A while ago, we took our son Augie to see the movie "Ferdinand." He’s six, and I thought it would be fine. It was animated! It was about a bull that prefers flowers to fighting! We’d read the book! Augie was fine until about half-way in when he did this thing he does when he’s watching something and gets scared but also can’t stop watching. He sat backward in the seat (on his knees) and then craned his neck around to see the screen. “This is a TERRIBLE MOVIE” he said, “WE HAVE TO GO!”

The scene that proved too much?  It’s the one where Ferdinand walks into a store that’s filled with cups and plates stacked high.  Ferdinand sucks in his belly and tries to squeeze between all these towers of delicate dishes. That’s when Augie lost it. The tension of a bull walking into a china shop was way too much for him. We had to leave.

I think about that sometimes when we are editing the show, because it reminds me just how powerful narrative tension can be. 

We do lots of kinds of stories here, but I have a soft spot for ones where the plot just propels the thing, where you keep wondering how the hell everything is going to play out.

So here’s a short list of some of my favorites. Some fun. Some sad. All filled with so much tension you might have to sit backward in your seat.

"It Seemed Like a Good Idea At The Time"  (Possibly my favorite cop story that does not involve a squirrel.)

"What Doesn’t Kill You" (There are dangerous things in the water. And also out of the water.)

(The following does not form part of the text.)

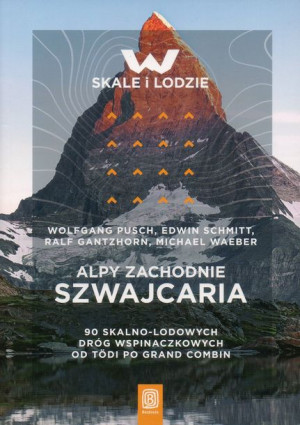 ALPY ZACHODNIE SZWAJCARIA przewodnik BEZDROŻA 2022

"Unbreaking the Bank" (This has all the classic elements of a thriller. A small community bank. Accountants. Government bureaucrats… Still, it’s totally gripping. And I love that at the end you actually learn something quite deep about our financial system.)

"You Had Me At Hello" (This story is incredible the way it lays out. You think it’s over, and then there is another twist. And another. )

"129 Cars" (In the movies a quick way to create tension is with a ticking clock counting down to armageddon of one form or another. In this case the dealership must sell 129 cars by the end of the month.)

"Abdi and the Golden Ticket" (A more serious and heartbreaking ticking clock.)

"Dr. Gilmer and Mr. Hyde" (I remember where I was when I heard this - the exact exit on the BQE.

One of the weird things for me about working on and editing stories like this, is that you listen to them over and over, but after the first time you hear it, it can be really hard to feel how well they’re working. Because the surprises in them aren’t surprises anymore. You can’t unknow the twists. So you find yourself thinking about other questions in the stories. Not what is going to happen. But why is this happening? 

In the stories on this list, that turns out to be a much more interesting question.